According to an aspect of this disclosure, whatever the structure of the first and second conveyors, before the leading semiproduct is transferred from the first to the second conveyor, the leading semiproduct is supported simultaneously by the first supporting surface and by the second supporting surface.
Once the leading semiproduct has been transferred from the first to the second conveyor, the second conveyor moves the leading semiproduct along the loading path towards the feed station.
According to an aspect of this disclosure, the second conveyor is configured to be switchable between a raised configuration and a lowered configuration. In other words, the second conveyor is switched cyclically between a raised configuration and a lowered configuration.
In the embodiment in which the second conveyor is a conveyor belt, the second conveyor is configured to be switchable between a raised configuration of the conveyor belt suitable for withdrawing and transporting the leading semiproduct, where the second supporting surface is coplanar with the first supporting surface and is raised and parallel with respect to the third supporting surface of the third conveyor, and a lowered configuration of the conveyor belt, suitable for unloading the leading semiproduct transported into the feed area, where the second supporting surface is lowered at least with respect to the third supporting surface of the third conveyor.
In an example, the first conveyor and the second conveyor are connected to the same shaft located in proximity to the withdrawal area. In particular, this shaft acts as a drive shaft for the second conveyor and as an idle supporting shaft for the first conveyor: in other words, the second conveyor is integral with the shaft, whereas the first conveyor is connected to the shaft via bearings and thus rotates idly and not as one with the shaft. Advantageously, the shaft keeps the centres of rotation of the two conveyors aligned with each other.
In this example, the second conveyor is rotatable about an axis of rotation passing through the shaft so that the raised configuration and the lowered configuration are defined by a tilting movement of the second conveyor. In other words, in the raised configuration the second supporting surface is coplanar with the first supporting surface and is raised and preferably parallel to the third supporting surface whereas in the lowered configuration, the second supporting surface is inclined relative to the first supporting surface and the third supporting surface.
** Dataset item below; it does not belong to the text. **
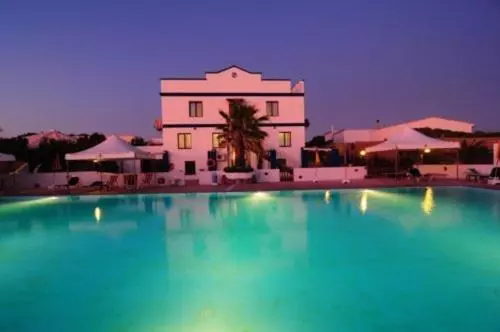 Hotel Stella Del Sud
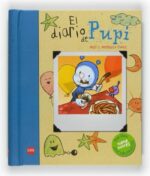 Diario de Pupi - María Menéndez-Ponte - Ediciones SM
At a functional level, the second conveyor withdraws and transports the leading semiproduct from the withdrawal area to the feed area in the raised configuration, where the second supporting surface of the second conveyor is substantially coplanar with the first supporting surface. Once the leading semiproduct has reached the feed area, where the leading semiproduct is supported by the second surface of the second conveyor, the second conveyor adopts the lowered configuration so that the second supporting surface disengages the leading semiproduct, which is then supported only by the third supporting surface of the third conveyor. When the leading semiproduct is moved from the feed area to the machining station by the third conveyor, the second conveyor is switched to the raised configuration again.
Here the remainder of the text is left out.